「ソ連の戦車、持ってます」 ウクライナ支援に博物館が関わるワケ 謎だらけの東側部品をカタチにする知見
イギリスはウクライナへの支援の一環で、兵士が扱いやすい旧ソ連製車両の部品の一部を新造するよう企業へ要請しました。しかし同じ形状のものを生産すればよいわけではありません。そこで企業が協力を仰いだのが、戦車博物館でした。
旧ソ連製車両の部品をリバースエンジニアリングして新造せよ
ボービントン、クビンカ、ムンスター、ソミュール、パロラと聞けば、戦車ファンにはピンときます。いずれも古今東西の戦車が収蔵された、世界的に有名な戦車博物館です。貴重な車両や動態保存されている車両もあり、戦車ファンならずとも楽しめる場所として人気があります。

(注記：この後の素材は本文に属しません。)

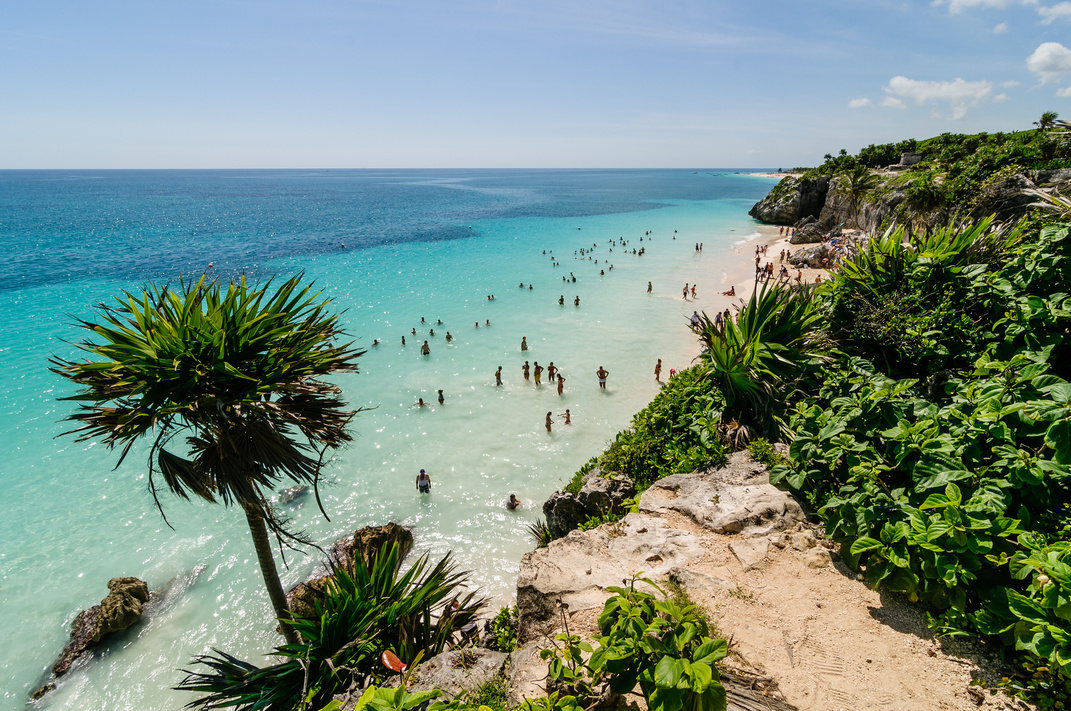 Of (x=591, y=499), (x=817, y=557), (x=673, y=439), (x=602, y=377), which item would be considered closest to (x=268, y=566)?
(x=591, y=499)

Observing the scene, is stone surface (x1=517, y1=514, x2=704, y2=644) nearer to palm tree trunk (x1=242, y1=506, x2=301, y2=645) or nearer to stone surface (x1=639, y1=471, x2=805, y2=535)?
stone surface (x1=639, y1=471, x2=805, y2=535)

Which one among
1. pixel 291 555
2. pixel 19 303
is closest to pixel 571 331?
pixel 291 555

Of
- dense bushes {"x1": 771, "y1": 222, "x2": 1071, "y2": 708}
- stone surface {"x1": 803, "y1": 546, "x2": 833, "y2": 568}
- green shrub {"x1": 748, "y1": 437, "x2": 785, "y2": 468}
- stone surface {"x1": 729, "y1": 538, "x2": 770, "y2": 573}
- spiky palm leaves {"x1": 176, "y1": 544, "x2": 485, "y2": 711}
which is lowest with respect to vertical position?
spiky palm leaves {"x1": 176, "y1": 544, "x2": 485, "y2": 711}

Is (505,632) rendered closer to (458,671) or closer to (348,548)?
(458,671)

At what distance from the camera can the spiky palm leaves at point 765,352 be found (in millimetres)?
7578

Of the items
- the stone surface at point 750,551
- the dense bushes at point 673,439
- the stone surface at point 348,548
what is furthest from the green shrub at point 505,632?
the stone surface at point 348,548

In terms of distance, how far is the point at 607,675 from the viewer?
13.1ft

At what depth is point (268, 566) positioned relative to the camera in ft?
20.7

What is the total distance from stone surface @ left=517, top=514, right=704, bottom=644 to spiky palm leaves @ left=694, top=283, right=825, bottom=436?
2678 mm

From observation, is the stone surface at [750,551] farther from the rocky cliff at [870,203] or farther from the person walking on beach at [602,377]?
the person walking on beach at [602,377]

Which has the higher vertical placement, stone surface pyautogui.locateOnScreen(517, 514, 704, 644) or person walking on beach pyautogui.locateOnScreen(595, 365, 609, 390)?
stone surface pyautogui.locateOnScreen(517, 514, 704, 644)

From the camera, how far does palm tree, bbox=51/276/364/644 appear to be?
5027 mm

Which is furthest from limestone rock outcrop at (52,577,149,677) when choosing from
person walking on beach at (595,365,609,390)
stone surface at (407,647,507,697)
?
person walking on beach at (595,365,609,390)

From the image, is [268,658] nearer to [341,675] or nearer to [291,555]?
[291,555] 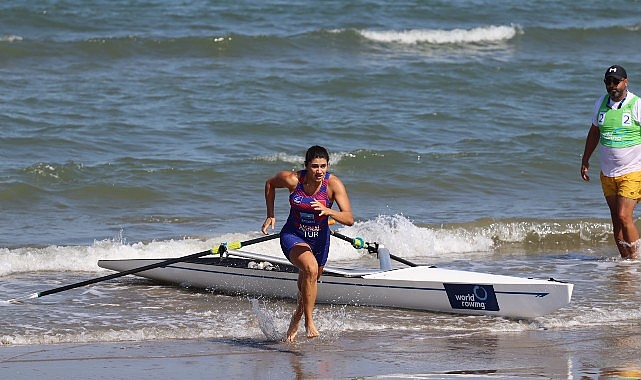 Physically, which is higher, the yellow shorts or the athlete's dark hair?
the athlete's dark hair

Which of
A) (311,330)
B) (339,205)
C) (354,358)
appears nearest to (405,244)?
(311,330)

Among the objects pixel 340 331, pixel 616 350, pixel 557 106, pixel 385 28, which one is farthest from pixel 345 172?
pixel 385 28

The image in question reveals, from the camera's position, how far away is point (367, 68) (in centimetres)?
2089

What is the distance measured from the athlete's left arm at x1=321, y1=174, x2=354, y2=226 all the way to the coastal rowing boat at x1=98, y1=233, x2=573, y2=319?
4.01 ft

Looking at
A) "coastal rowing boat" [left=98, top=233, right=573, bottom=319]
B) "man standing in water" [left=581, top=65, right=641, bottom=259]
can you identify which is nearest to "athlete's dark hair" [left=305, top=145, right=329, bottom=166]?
"coastal rowing boat" [left=98, top=233, right=573, bottom=319]

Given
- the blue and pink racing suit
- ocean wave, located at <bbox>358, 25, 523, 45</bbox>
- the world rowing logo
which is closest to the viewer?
the blue and pink racing suit

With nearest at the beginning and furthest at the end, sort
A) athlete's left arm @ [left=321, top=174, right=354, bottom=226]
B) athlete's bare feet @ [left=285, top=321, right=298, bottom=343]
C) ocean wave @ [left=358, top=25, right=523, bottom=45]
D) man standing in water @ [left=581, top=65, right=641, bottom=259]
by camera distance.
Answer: athlete's left arm @ [left=321, top=174, right=354, bottom=226]
athlete's bare feet @ [left=285, top=321, right=298, bottom=343]
man standing in water @ [left=581, top=65, right=641, bottom=259]
ocean wave @ [left=358, top=25, right=523, bottom=45]

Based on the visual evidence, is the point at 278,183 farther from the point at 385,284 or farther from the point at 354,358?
the point at 385,284

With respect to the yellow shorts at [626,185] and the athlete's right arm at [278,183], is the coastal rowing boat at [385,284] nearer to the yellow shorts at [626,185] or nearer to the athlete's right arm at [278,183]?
the athlete's right arm at [278,183]

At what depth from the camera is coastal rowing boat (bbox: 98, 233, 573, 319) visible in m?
8.34

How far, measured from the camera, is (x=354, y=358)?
7.31 metres

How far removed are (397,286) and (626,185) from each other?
257 cm

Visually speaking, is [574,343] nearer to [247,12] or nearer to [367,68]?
[367,68]

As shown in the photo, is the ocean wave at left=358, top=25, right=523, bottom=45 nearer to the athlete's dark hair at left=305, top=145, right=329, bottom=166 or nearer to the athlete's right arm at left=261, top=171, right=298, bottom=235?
the athlete's right arm at left=261, top=171, right=298, bottom=235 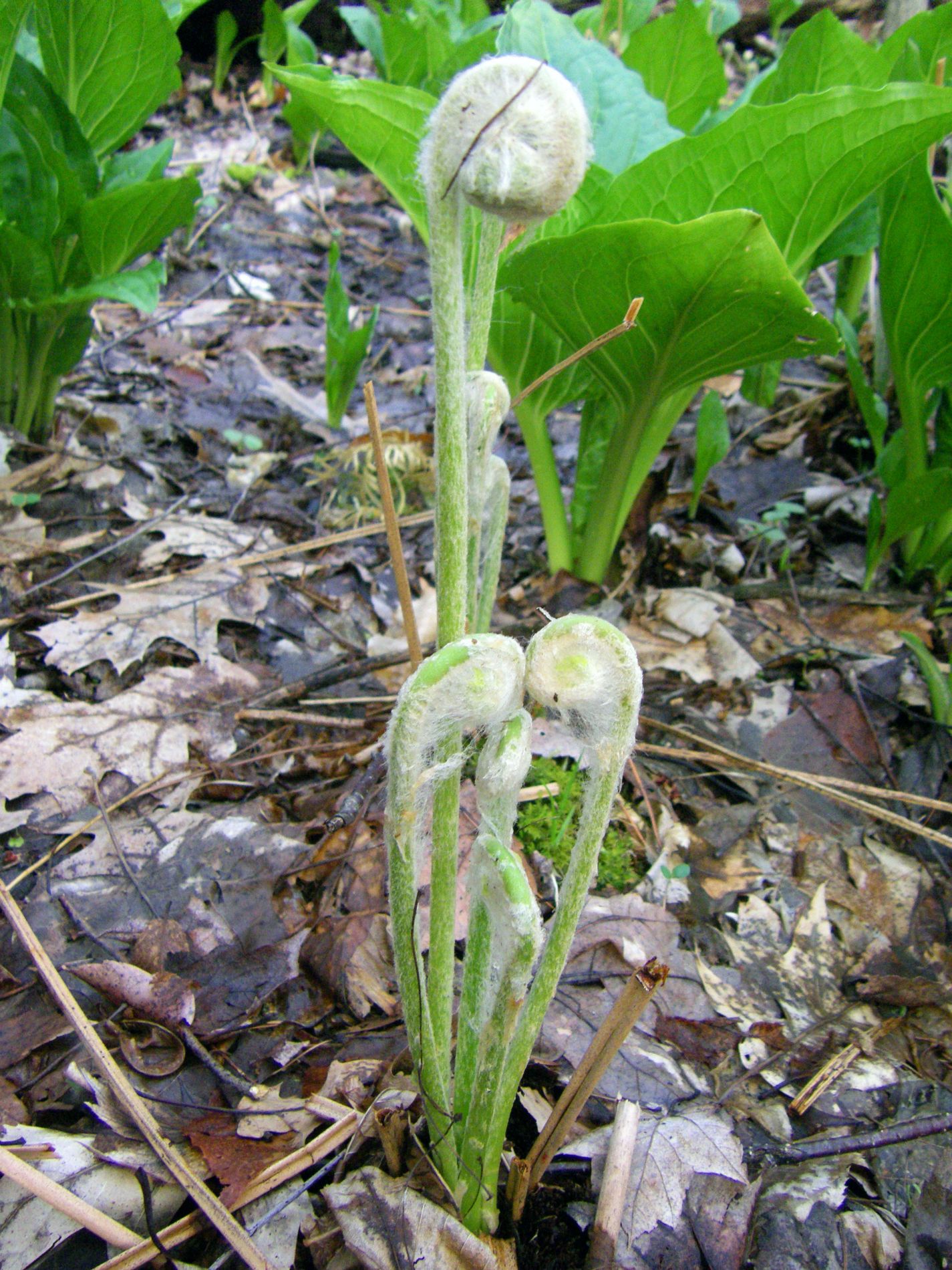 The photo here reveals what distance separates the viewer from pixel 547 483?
207cm

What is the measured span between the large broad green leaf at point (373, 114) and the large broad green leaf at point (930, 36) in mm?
1353

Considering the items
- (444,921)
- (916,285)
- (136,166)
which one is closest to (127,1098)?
(444,921)

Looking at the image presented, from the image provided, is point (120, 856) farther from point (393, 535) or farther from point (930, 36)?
point (930, 36)

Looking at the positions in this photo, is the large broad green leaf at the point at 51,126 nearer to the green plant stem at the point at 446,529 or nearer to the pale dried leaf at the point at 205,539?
the pale dried leaf at the point at 205,539

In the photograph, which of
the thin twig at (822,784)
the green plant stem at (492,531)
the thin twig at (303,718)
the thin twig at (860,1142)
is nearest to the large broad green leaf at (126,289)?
the thin twig at (303,718)

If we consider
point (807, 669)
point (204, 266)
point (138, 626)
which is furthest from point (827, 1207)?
point (204, 266)

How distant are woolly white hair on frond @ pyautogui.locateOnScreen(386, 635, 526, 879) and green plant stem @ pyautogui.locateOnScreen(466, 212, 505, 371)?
329 millimetres

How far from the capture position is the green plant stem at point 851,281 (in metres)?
2.72

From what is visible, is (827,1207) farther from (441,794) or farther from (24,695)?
(24,695)

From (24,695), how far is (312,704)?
2.03 feet

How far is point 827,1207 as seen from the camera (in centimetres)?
97

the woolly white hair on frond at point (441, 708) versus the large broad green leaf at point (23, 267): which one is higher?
the large broad green leaf at point (23, 267)

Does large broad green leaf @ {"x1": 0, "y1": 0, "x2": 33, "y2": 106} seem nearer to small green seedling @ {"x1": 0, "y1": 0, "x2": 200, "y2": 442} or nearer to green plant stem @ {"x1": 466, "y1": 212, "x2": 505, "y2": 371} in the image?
small green seedling @ {"x1": 0, "y1": 0, "x2": 200, "y2": 442}

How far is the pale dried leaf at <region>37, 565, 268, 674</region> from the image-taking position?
183cm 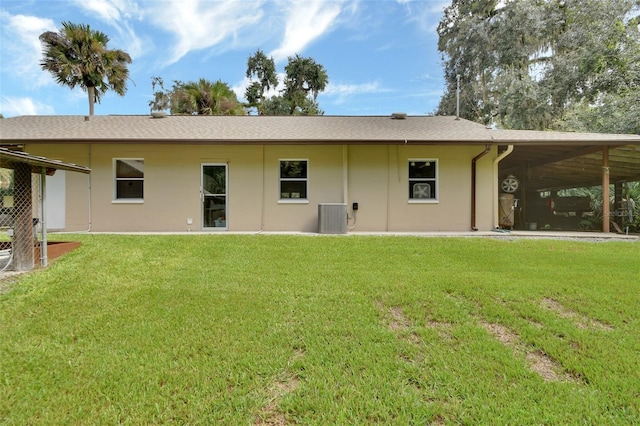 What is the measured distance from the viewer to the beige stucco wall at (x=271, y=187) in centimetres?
1002

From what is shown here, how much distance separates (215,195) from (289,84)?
85.4ft

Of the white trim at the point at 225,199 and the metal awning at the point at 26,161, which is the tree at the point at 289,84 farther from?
the metal awning at the point at 26,161

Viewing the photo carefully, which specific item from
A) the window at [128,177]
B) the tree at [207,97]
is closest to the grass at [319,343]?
the window at [128,177]

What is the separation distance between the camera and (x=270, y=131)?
10.6 meters

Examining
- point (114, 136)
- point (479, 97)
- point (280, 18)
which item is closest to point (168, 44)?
point (280, 18)

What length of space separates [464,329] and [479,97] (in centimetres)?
2468

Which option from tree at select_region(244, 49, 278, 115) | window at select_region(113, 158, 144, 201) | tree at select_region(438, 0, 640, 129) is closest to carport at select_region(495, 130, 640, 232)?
tree at select_region(438, 0, 640, 129)

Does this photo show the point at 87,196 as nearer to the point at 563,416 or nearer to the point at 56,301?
the point at 56,301

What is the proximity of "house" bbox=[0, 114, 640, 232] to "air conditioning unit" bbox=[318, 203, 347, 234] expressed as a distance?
1.85 feet

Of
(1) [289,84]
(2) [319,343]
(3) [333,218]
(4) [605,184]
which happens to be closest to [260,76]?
(1) [289,84]

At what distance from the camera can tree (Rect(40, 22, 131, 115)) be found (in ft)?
49.2

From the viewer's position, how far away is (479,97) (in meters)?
23.4

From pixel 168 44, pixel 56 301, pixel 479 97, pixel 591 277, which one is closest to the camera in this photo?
pixel 56 301

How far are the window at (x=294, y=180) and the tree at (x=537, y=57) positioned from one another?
13704 millimetres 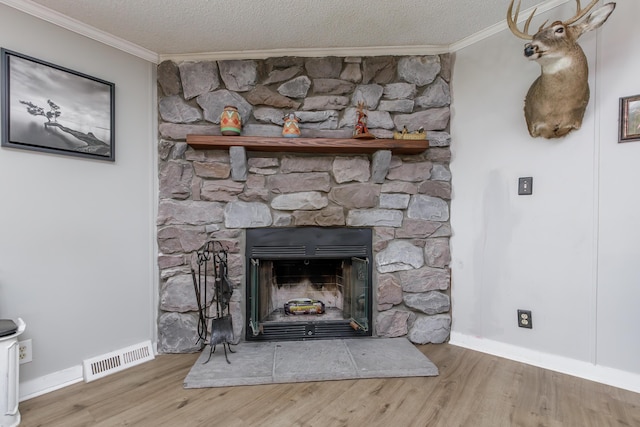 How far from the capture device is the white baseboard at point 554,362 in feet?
5.14

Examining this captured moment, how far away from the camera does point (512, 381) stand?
5.43 feet

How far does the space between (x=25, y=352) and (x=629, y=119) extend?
331cm

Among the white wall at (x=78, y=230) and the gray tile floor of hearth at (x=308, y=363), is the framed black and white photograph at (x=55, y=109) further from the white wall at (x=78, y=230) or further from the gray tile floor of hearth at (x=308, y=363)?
the gray tile floor of hearth at (x=308, y=363)

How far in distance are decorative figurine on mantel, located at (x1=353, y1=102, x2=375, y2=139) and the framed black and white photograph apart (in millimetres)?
1521

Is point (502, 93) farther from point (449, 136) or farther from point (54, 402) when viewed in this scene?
point (54, 402)

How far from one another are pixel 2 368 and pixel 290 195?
160 centimetres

なかでもボービントンには26か国の約300両が展示されており、世界最大のコレクションを誇ります。収蔵品の「ティーガー1」は唯一稼働する実物ということでイベントに引っ張りだこ。映画にも出演しています。これらの博物館は、歴史と文化の保存・伝承、教育と研究の推進、戦争と平和の意識の向上、そして地域経済の活性化にも貢献しています。
しかし、こうした戦車博物館が外交・安全保障に直接貢献することもあります。このほど、イギリスのボービントンとクック・ディフェンス・システムズ(CDS)社が協力して、ウクライナ支援にあたることとなったのです。
CDSは19世紀から続く鉄鋼メーカーを起源とし、1940(昭和15)年からの歴史を持つ、世界有数の軍用履帯システムメーカーです。製品はイギリスの「チャレンジャー2」など、戦車や装甲車で多く使われています。
イギリス国防省は、2023年10月に発表されたウクライナへの1億ポンドを超える整備・操縦支援パッケージの一部として、CDSに対し、ウクライナ軍が使用している旧ソ連製車両最大500両分の履帯や車輪を“リバースエンジニアリング”して新造するよう発注しました。